The human brain is what sets us apart from all the other animals in the world. It's what puts us on the top of the food chain. I'm not a scientist but experience has shown me that the quality of human life is dictated by how good or bad the memories in your life are and how good those events affected you. Good memory can make you smart, depressed and sometimes crazy. With the exception of names, I am one of those people that can close my eyes and picture exact places and events in my life. I remember very specific times in my life, good and bad ones. All of those have an influence on me everyday. A song, a building, or something on the TV can send me into a time machine and the replay starts. I can not tell you how much money my parents made when I was a coming up. I know it wasn't allot but I couldn't give you a figure to save my life. I would never remember that. I do remember playing LIFE in the kitchen and Michelle getting mad when my daddy would sue her. I remember crabbing trips. I remember the Solomon Burke record my mama used to play. My little Jennifer scheduled her entire day in a composition book. I remember driving to Florida in a rusty pickup and my crazy brother Walter trying to swim with a broken arm. Jerald needed to have Big Bird's Big Red Book read ten times in a row. I remember my grandmother bringing me cinnamon rolls and that crazy song she used to sing before she gave them to me. I remember my other grandmother's sugar cookies and I remember getting up early to go get ice for the family BBQ with my grandpa. When you add all that up with the other ones, you get a pretty swell life even with all my complaining. That's not too bad for a brother from the Ninth Ward.

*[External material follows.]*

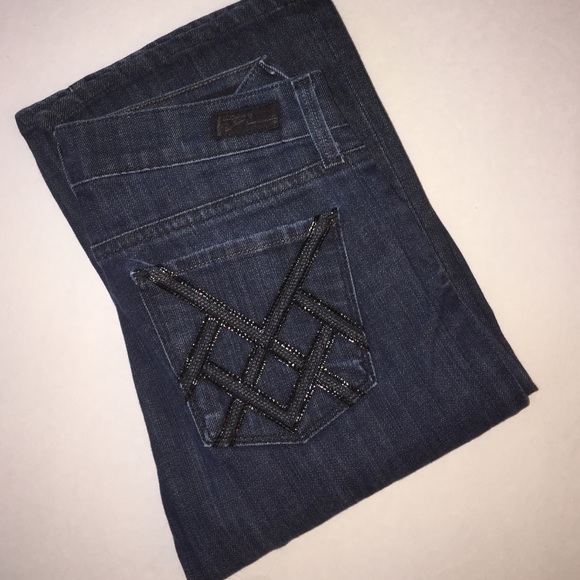 Citizens of Humanity bootcut jeans - Picture 2 of 4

When I am in a really hopeless mood, I'll drive around with the radio playing and suddenly something will pop into my head. I'll think about watching Monday Night Football with Daddy. I'll think about catching the bus to work with my grandma when I was small. I'll think about the crabbing trip I took with my brothers when I threw the bait away to soon. Sometimes I think about making wrestling belts with Devin out of liquor boxes and black shoe polish when I was a youngster. It makes everything go away for a few minutes. This is the kind of memories I want my children to have. I want my daughter to say to herself "man, I don't know what my daddy did for a living but I remember when me and him played on the swings". If I can get that I will feel at peace with myself.
Young adults tend to live in the moment at hand. The bills are due. The kids are growing and need you more everyday. The people that raised us are starting to get older and they need you more too. There are so many things currently going on that if you ask how life is going the answer may be not that good. Sometimes you just have to put on a good record, grab a drink and close your eyes. If you take a few minutes and use the memories in your mind to draw on good times, that life question may not be as negative as you think. I know I have way more good memories than bad ones. Judge your life on the totality of all the good things from beginning to end. Don't think mine's hasn't been sweet so far.